DESCRIPTION OF THE TASK → Leave out the pictures and output exactly the lines below from the one with "Тайник с оружием" down to the one with "Café Limpeza Brush", both of them included.

DATA EXTRACTS →

== Segment start ==

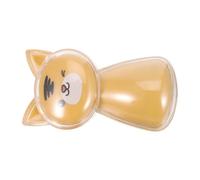 2 Pièces Pince à Paquet Chat Jaune, Clip Plastique | Forme Chaton, Format 7,50x4,00x3,00cm, Usage Bureau et Bureau Élève, pour Paquet Café et Noix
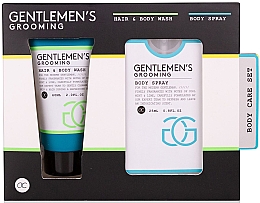 Парфумерія, косметика Набір - Accentra Gentlemen's Grooming Body Set (sh/gel/60ml + b/spray/25ml)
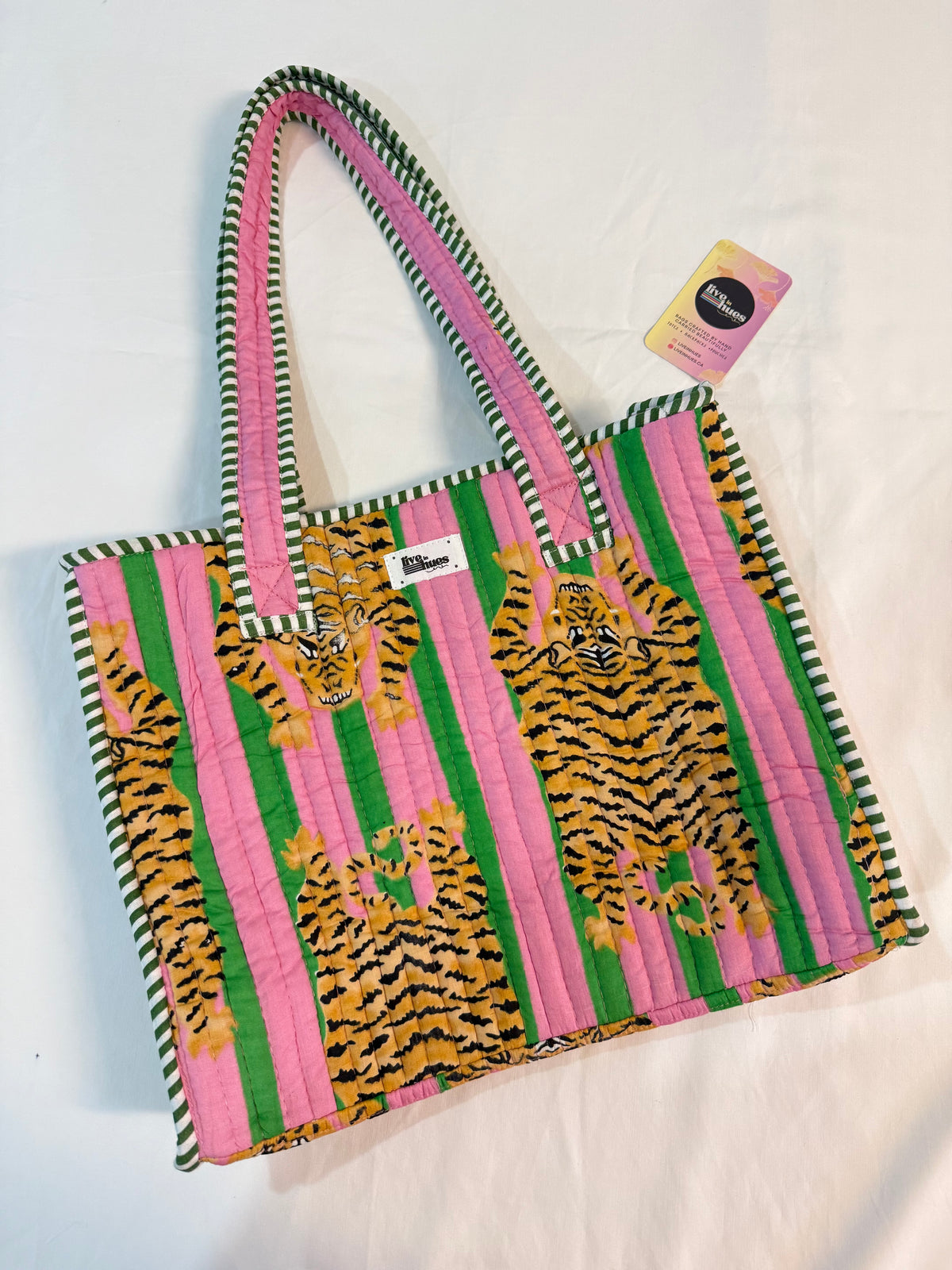Tiger Lily Mini Tote
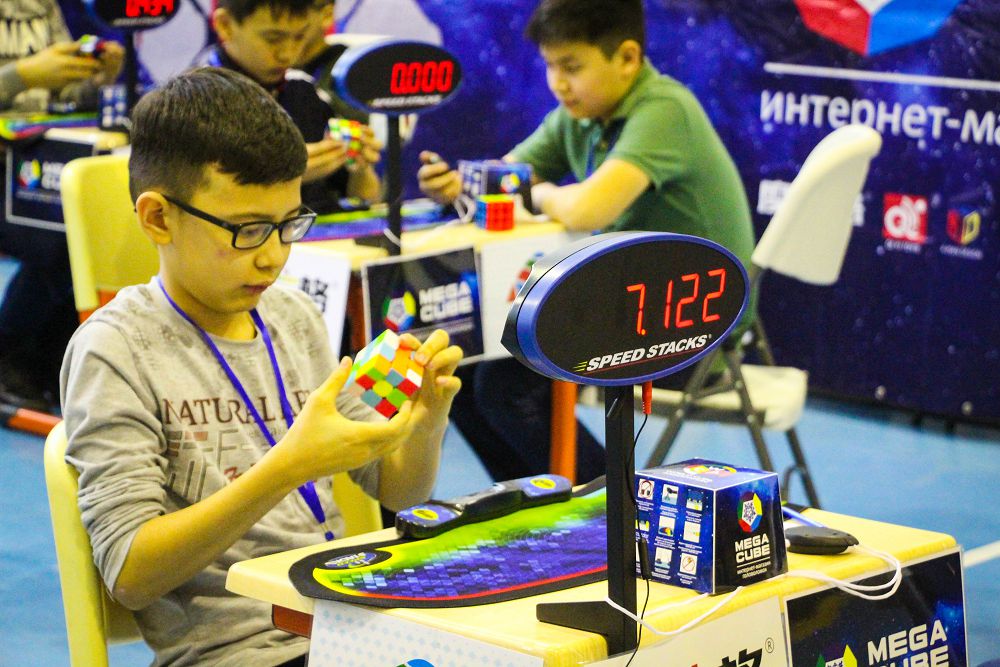 Spıdkýbıng – zııatkerlik doda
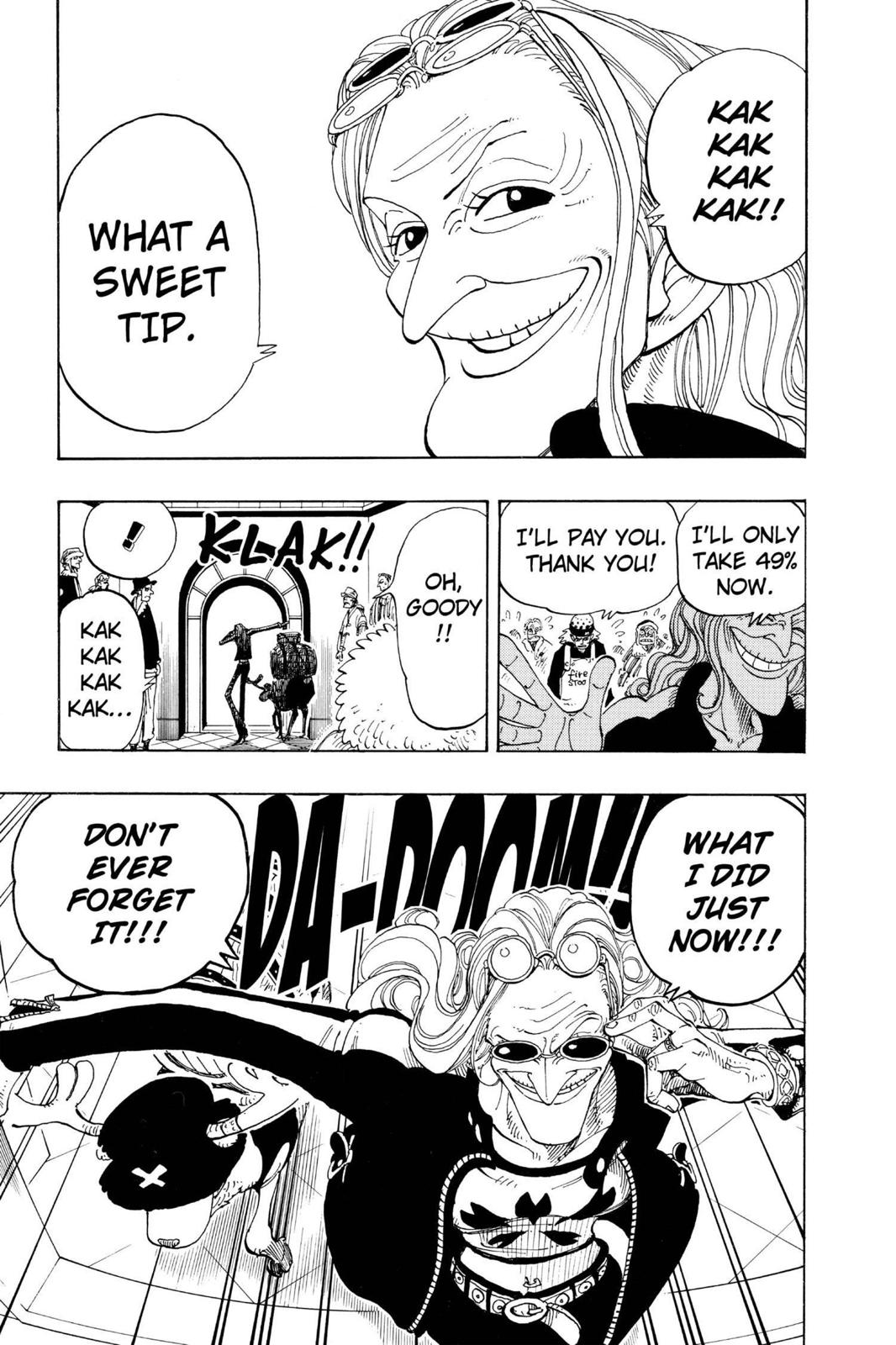 One Piece Manga Manga Chapter - 134 - image 19
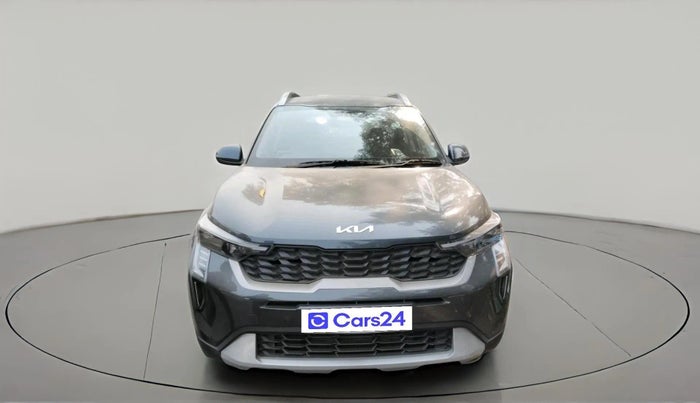 2025 KIA SONET HTK (O) 1.2 Petrol MT, Petrol, Manual, 3,123 km, exterior
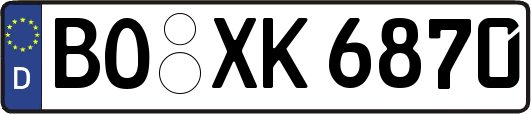 BO-XK6870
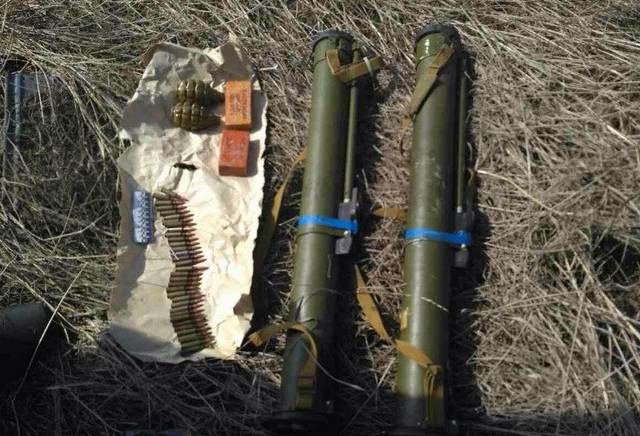 Тайник с оружием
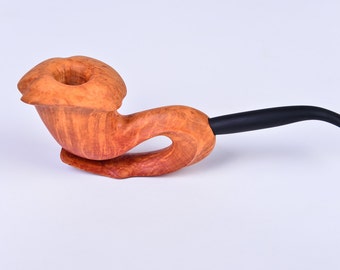 Exclusive smoking pipe from Algerian briar
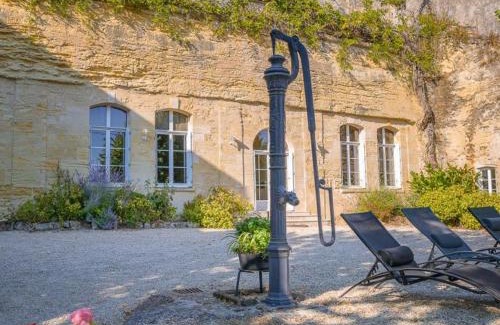 Vouvray House | Maison troglodyte à Vouvray - 8 pers, salle de jeux, spa - FR-1-381-87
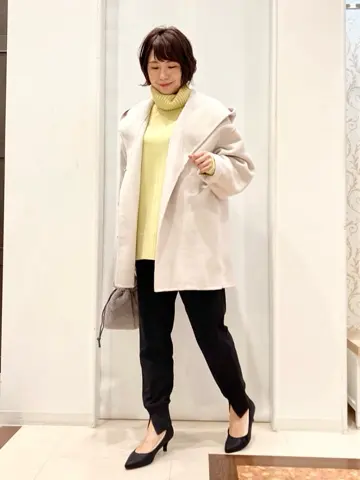 UNFILO 横田 コーディネート画像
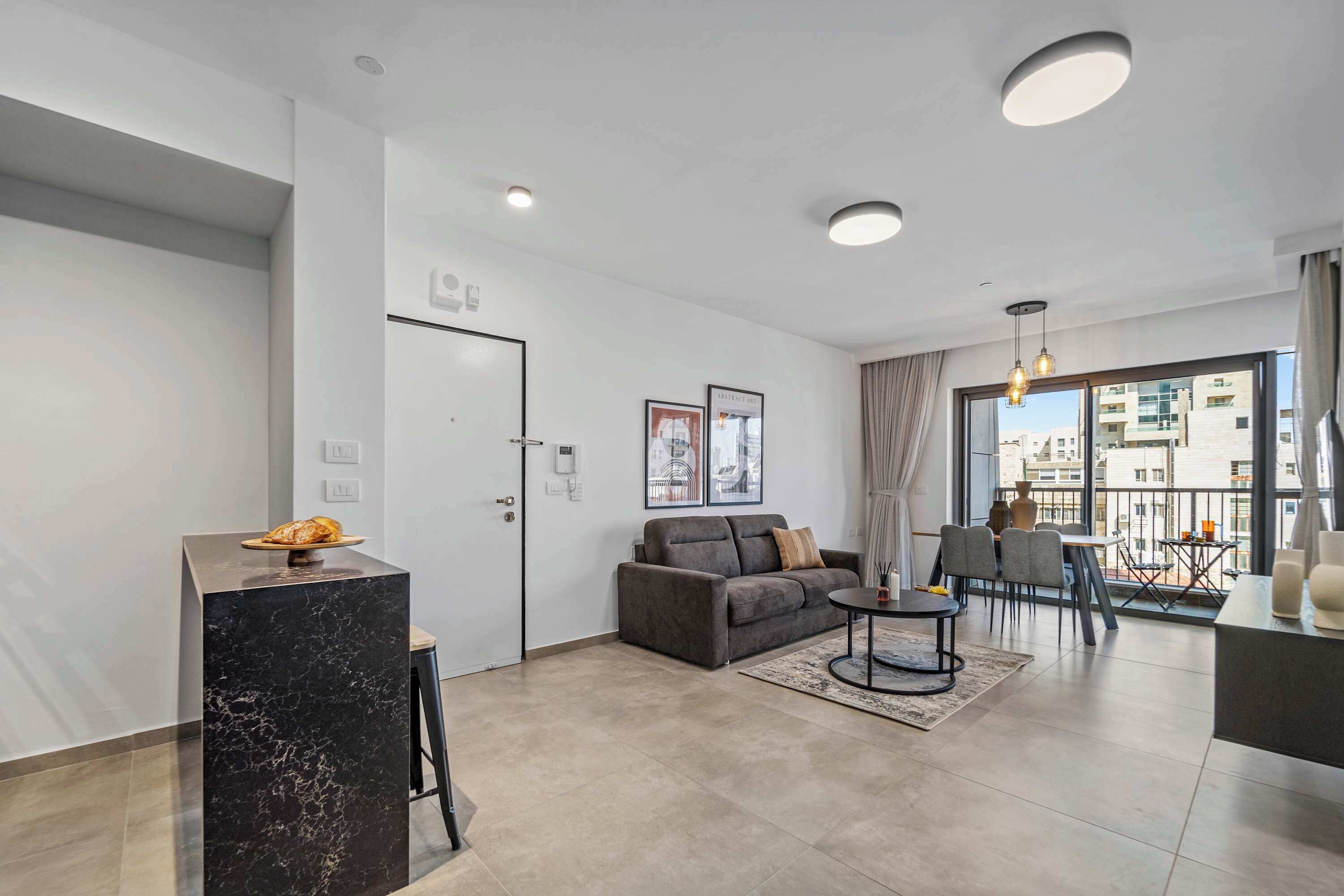 Televisio, työhuone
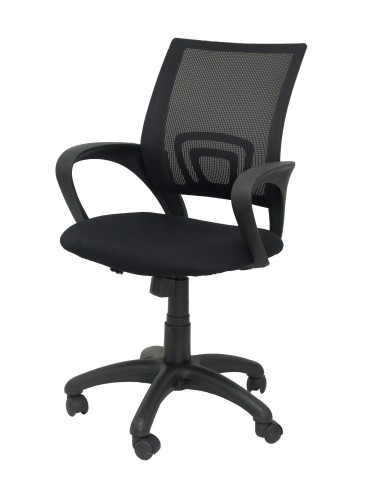 Silla de oficia-Juvenil Negra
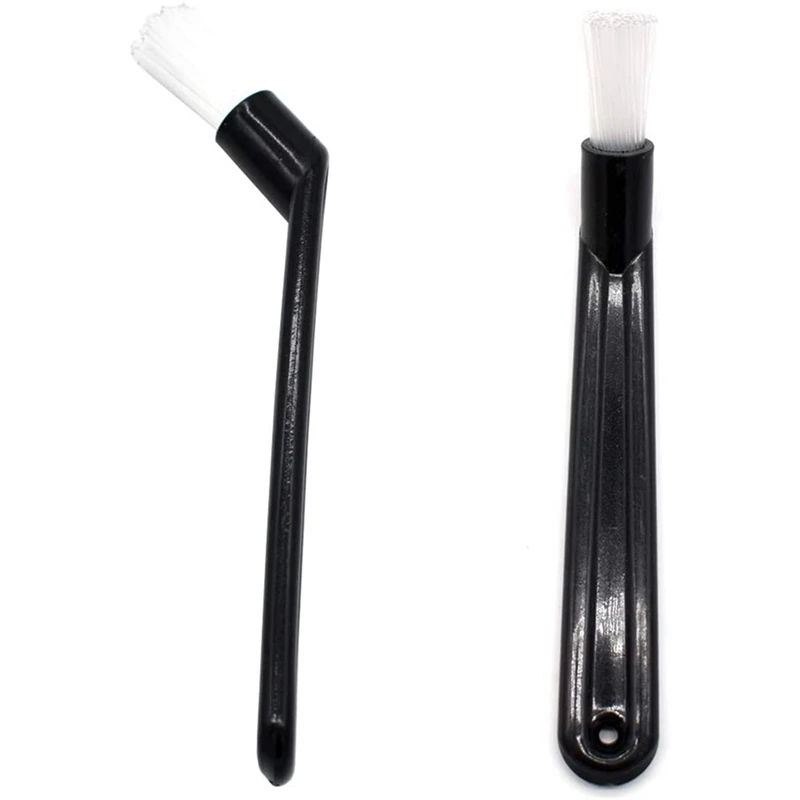Café Limpeza Brush Set, Chá Bean Grounds Cleaner Tool, Grinder Espresso Machine Group Heads, 8 Pcs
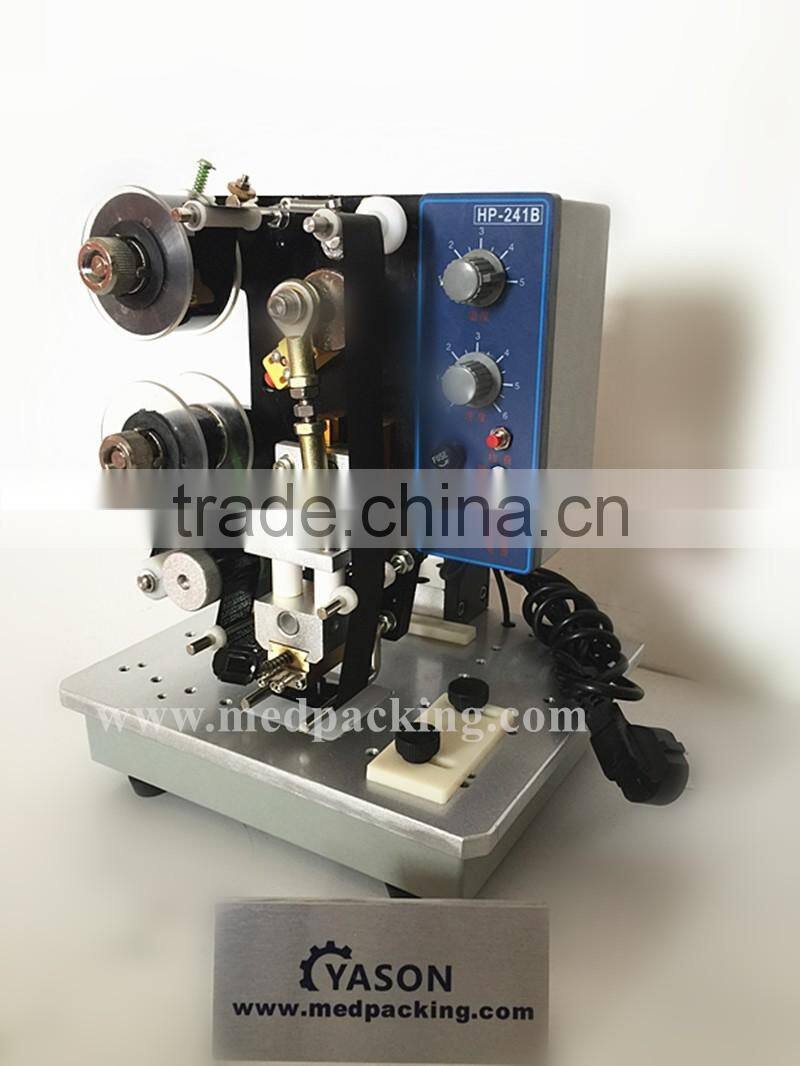 HP-241B electric ribbon date coder expiry date coding machine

== Segment end ==

ANSWER TO THIS TASK →
 Тайник с оружием
 Exclusive smoking pipe from Algerian briar
 Vouvray House | Maison troglodyte à Vouvray - 8 pers, salle de jeux, spa - FR-1-381-87
 UNFILO 横田 コーディネート画像
 Televisio, työhuone
 Silla de oficia-Juvenil Negra
Café Limpeza Brush Set, Chá Bean Grounds Cleaner Tool, Grinder Espresso Machine Group Heads, 8 Pcs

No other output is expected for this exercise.